Um achado. Depois de três anos, resolvi baixar o disquinho do guitarrista do Strokes. Penso em Julia. Dessa vez fui eu que apresentei. Ela não gosta de Strokes. Mas gostou de Yours To Keep. Fico pensando nos últimos meses. Meus dias com Julia. Depois de tanta tormenta, estava começando a construir algo. Mas o tempo... a tudo destrói.

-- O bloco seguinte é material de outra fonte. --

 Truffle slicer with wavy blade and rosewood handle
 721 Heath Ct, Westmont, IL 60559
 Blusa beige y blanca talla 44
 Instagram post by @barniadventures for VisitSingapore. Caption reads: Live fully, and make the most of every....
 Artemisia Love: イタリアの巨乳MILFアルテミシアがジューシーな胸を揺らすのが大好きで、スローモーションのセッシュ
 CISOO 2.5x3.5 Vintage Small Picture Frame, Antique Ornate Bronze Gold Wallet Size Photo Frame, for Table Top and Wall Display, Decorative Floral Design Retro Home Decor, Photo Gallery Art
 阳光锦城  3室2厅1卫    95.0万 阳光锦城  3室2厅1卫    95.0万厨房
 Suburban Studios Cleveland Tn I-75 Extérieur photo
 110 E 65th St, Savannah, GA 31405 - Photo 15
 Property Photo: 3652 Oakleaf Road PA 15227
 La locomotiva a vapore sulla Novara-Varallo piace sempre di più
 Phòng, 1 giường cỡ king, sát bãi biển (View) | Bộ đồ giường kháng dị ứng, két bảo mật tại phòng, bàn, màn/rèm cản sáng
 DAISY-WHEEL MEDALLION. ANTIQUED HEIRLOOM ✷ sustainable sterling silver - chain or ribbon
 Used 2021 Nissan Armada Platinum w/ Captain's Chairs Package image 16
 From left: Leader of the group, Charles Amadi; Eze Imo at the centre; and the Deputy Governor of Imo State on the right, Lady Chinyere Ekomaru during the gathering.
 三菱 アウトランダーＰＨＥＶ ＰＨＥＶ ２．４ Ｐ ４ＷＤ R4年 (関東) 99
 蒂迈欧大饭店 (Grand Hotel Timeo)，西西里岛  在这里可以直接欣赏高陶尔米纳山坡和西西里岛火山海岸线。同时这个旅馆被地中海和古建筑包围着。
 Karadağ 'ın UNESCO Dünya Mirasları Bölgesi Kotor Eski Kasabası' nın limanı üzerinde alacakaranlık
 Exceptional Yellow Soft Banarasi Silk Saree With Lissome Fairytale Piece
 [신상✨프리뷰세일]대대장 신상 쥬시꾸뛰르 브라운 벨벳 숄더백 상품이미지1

Ligo de um orelhão para Julia. Ela atende, pede perdão. Diz para eu voltar. Pego um táxi. Desço, caminho a passos lentos. Toco o interfone. Ninguém atende. Fico preocupado. Volto a tocar. Nada. Grito seu nome. O porteiro pergunta o que estou fazendo. Ele não me reconhece. Peço para abrir, ela me manda ir embora. Fico parado, não sei por quando tempo. Atravesso a rua. Sento no meio fio, esperando. Olho para frente do prédio. Agora vejo a mesma mulher do show e vejo Julia e vejo o carro e vejo o corpo no ar até tocar o chão. Corro.

Everytime
Everytime
Everytime


É o despertador com Nickel Eye. Olho para o lado. Julia dorme feliz.

4 comentários:

Anônimo disse...

Fantástico rapaz. Juro que passou um filminho na cabeça. Tirando o Litle Joy, gostei muito.

Anônimo disse...

Faço minha as palavras de Cesar, tirando a parte do Little Joy!!! (rs+)
Mas não vale ficar metido ¬¬'
Vou ler mais uma vez, agora com a trilha sonora, depois comento.

Anônimo disse...

Imagine você, Belano, que fui sugada na primeira linha e quando me dei conta suspirava aliviada pelo desfecho. Eu sempre acreditei que quando escrevemos, entramos em tal estado de devaneio, que é como se deixássemos escapar parte de nós que sequer conhecíamos. Cada post seu me surpreende, e este em especial, como já foi dito: Fantástico!

Anônimo disse...

Justiça seja feita. Retiro a parte do Little Joy no comentário anterior. Já gostei um pouco mais ouvindo com mais cuidado, mas para o texto faz todo o sentido.